Rozdział... żartowałam :D Notka... jakaś tam :)

Hejka miśki <333333
No to tak: chciałabym Was zaprosić do nowego bloga i jest on o tuuuuu ----> http://envivo-story.blogspot.com
Jeśli ktoś czytał dopisek pod tym beznadziejnym one shotem to wie, że chciałam go założyć.
Nie znaczy to, że z tego boga odchodzę,tylko po prostu chciałabym pisać kolejną historię, a tą chciałabym dokończyć.
A teraz chciałam Wam powiedzieć (bo przecież nie macie oczu), że mamy nowy wygląd :D Jak przeglądałam szablony na ten nowy blog to zobaczyłam ten i pomyślałam, że będzie pasował (no oprócz Naxi, ale ciiii :D).
Jeśli pamiętacie ten poprzedni to powiedzcie, który lepszy :)
No to narka <3333
P.S: Pamiętacie jeszcze? 1 komentarz pod ósmym i dodaję dziewiąty rozdział ^^
EDIT: Macie tutaj screena z poprzedniego szablonu (screen wzięty ze strony Barwne Szablony)
EDIT 2: Zmieniam na stary... Tak wiem, zdecyduj się kobieto, ale mi bardziej odpowiada spokojna kolorystyka szablonu... Np. ten na Esto no puede terminar, zakochałam się <33333

OS ~ Nie warto kryć się z uczuciami //Jortini

Martina siedziała w pokoju hotelowym razem z Cande, Mechi, Lodo i Albą. Chłopaki właśnie kręcili nowy filmik na Vine Jorge’a.
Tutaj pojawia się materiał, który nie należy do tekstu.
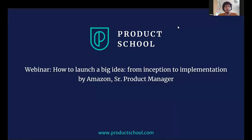Hello everyone. Welcome to the webinar, How to Launch a Big Idea from Inception to Implementation. I'll be your host during the next 30 minutes and I hope that you enjoy this webinar.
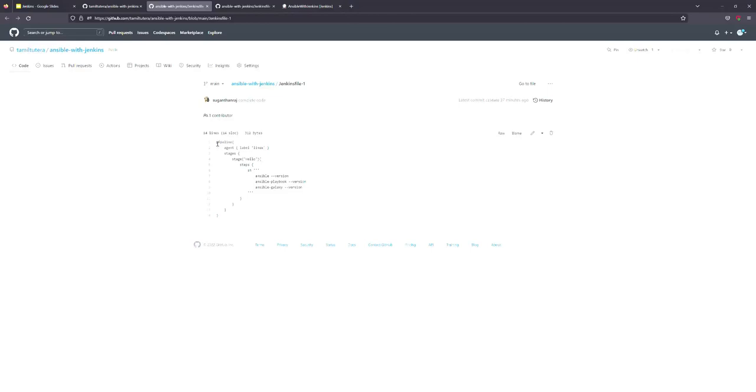Apply and save. In the Jenkins file there is a pipeline with an agent label Linux.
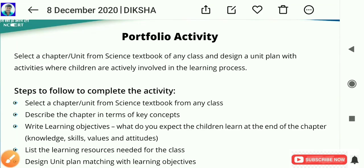Hi friends, I am Laxman. In this video we are going to see the model portfolio of module 12 Pedagogy of Science. I have uploaded module 1 to 11 model portfolios in our channel. If you want any of these, I will give the model portfolio video links in the description below the video.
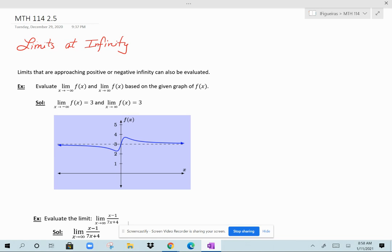This lesson is about evaluating limits at infinity. Limits that are approaching positive or negative infinity can also be evaluated. Sometimes the limit will exist and sometimes it will not.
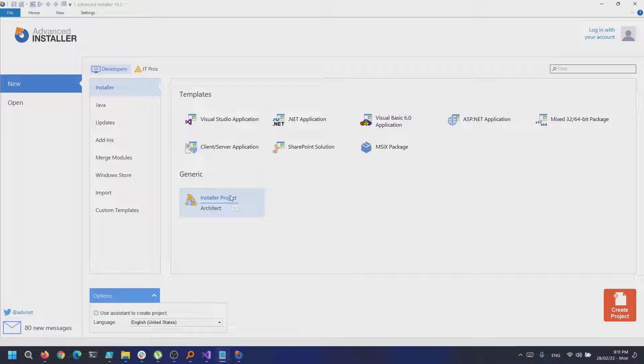To create a patch, we need to have the version 1.0 MSI, which is the initial version of the MSI, and the updated version, for example version 1.0.1 of the MSI, and then create a patch project with Advanced Installer.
Mimo, że byli za ścianą słychać było ich słowo.
Tini była zakochana w Jorge’u, ale… Stephie. Stephie to na prawdę fajna dziewczyna, zasługuje na niego.
Jutro kolejne En Vivo i Tinita jest bardzo pod ekscytowana - serialowi Viola i Leon mają się pocałować. Dziewczyna uwielbia ten moment, czuje się wtedy jakby oni byli parą. Niby nie powinna się łudzić, że coś z tego będzie, ale zawsze można pomarzyć.
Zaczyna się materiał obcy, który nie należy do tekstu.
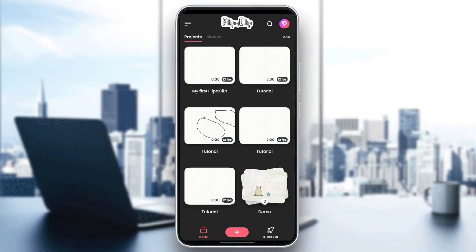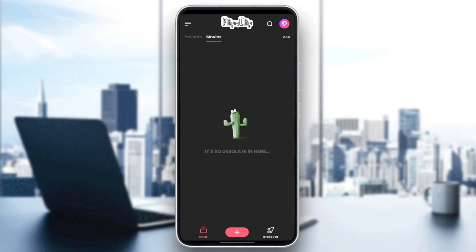I'm right now in the Flipperclip application on my phone, and this is how the homepage looks like. As you can see, right here in the bottom, you have three sections: the home section, the little plus, and also discover. Here in the home section, you're going to find your projects and also your movies.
- Tini? Słyszysz mnie? - Stoessel usłyszała głos Mechi.
- Co? Nie… Zamyśliłam się, przepra…
- No nie, znowu o nim myślisz? - spytała znudzona Lodo.
- Martina, dlaczego mu o tym nie powiesz? - spytała Cande.
- No boo… wiecie jak to jest… A zresztą to nie ma sensu, on spotyka się ze Stephie.
- Ej, dziewczyny patrzcie! - odezwała się Alba, która przeglądała coś w komórce. Dziewczyna pokazała najnowszego Vine’a i podpis pod nim:
Po zerwaniu ze Stephie… <333 Nie tęsknię ;) Wreszcie wolny *-*
- Coo? - krzyknęła szatynka i wybiegła z pokoju. Pędząc tak wpadła na… Jorge’a.
- He… Hej - powiedziała oszołomiona dziewczyna.
- Cześć, sory. Moja wina - odpowiedział Meksykanin.
- Nie… Powinnam bardziej uważać. Słuchaj… To prawda, że zerwałeś ze Stephie? - spytała szatynka prosto z mostu.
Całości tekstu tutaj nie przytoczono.